Return the complete listing exactly as it reads, with each picture removed.
_ _ _
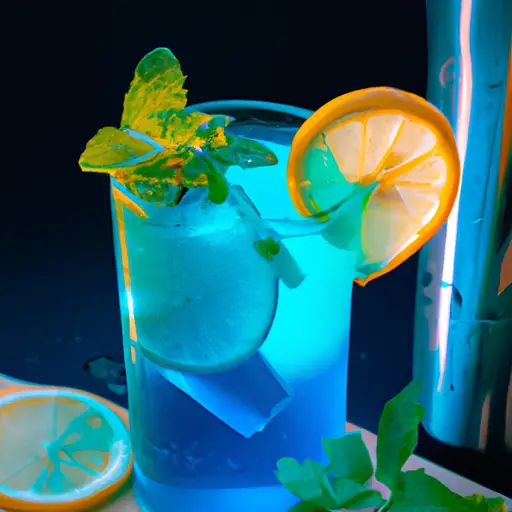 An image that captures the essence of a refreshing Blue Lagoon cocktail: a vibrant turquoise drink adorned with a slice of juicy lemon, surrounded by crushed ice, and garnished with sprigs of fresh mint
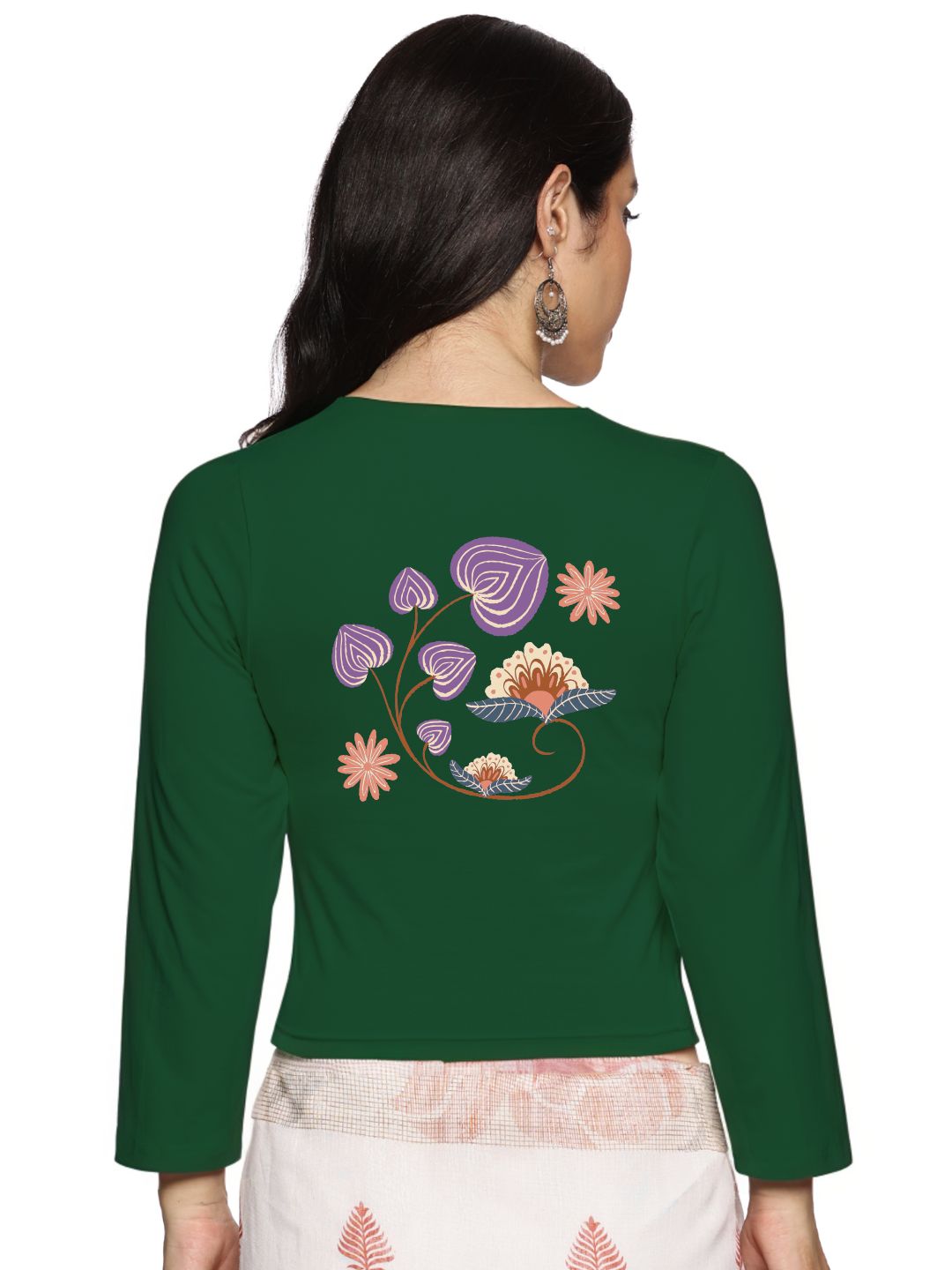 Women Three Fourth Sleeve Back Print Stretchable Blouse U0151 - notyetbyus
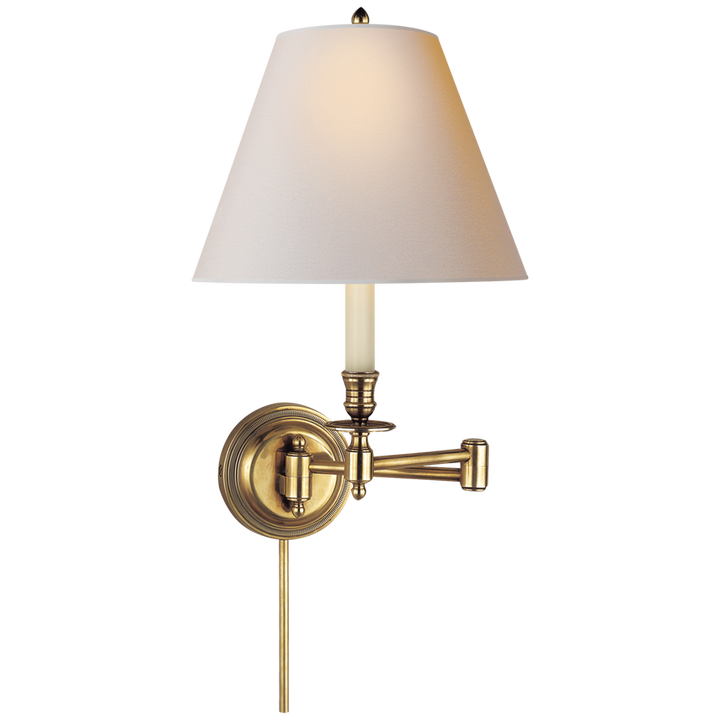 Cannady Swing Arm-Visual Comfort-VISUAL-S 2010HAB-NP-Wall LightingHand-Rubbed Antique Brass-Natural Paper Shade-8-France and Son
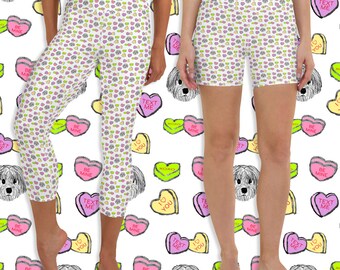 Valentine Dog Print Yoga Leggings or Shorts: Candy Hearts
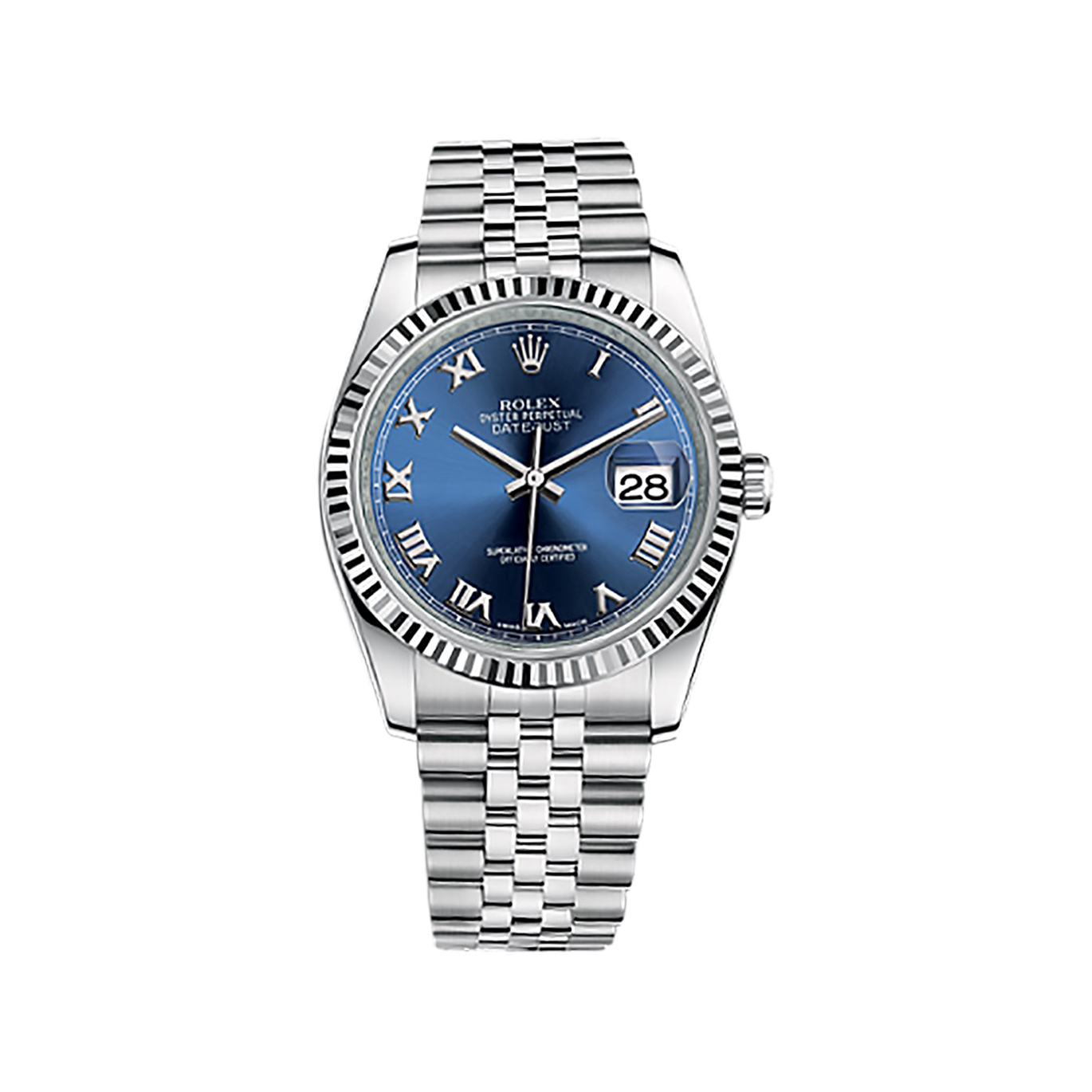 Datejust 36 116234 White Gold & Stainless Steel Watch (Blue)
_ _ _
_OUTPUT_
 An image that captures the essence of a refreshing Blue Lagoon cocktail: a vibrant turquoise drink adorned with a slice of juicy lemon, surrounded by crushed ice, and garnished with sprigs of fresh mint
 Women Three Fourth Sleeve Back Print Stretchable Blouse U0151 - notyetbyus
 Cannady Swing Arm-Visual Comfort-VISUAL-S 2010HAB-NP-Wall LightingHand-Rubbed Antique Brass-Natural Paper Shade-8-France and Son
 Valentine Dog Print Yoga Leggings or Shorts: Candy Hearts
 Datejust 36 116234 White Gold & Stainless Steel Watch (Blue)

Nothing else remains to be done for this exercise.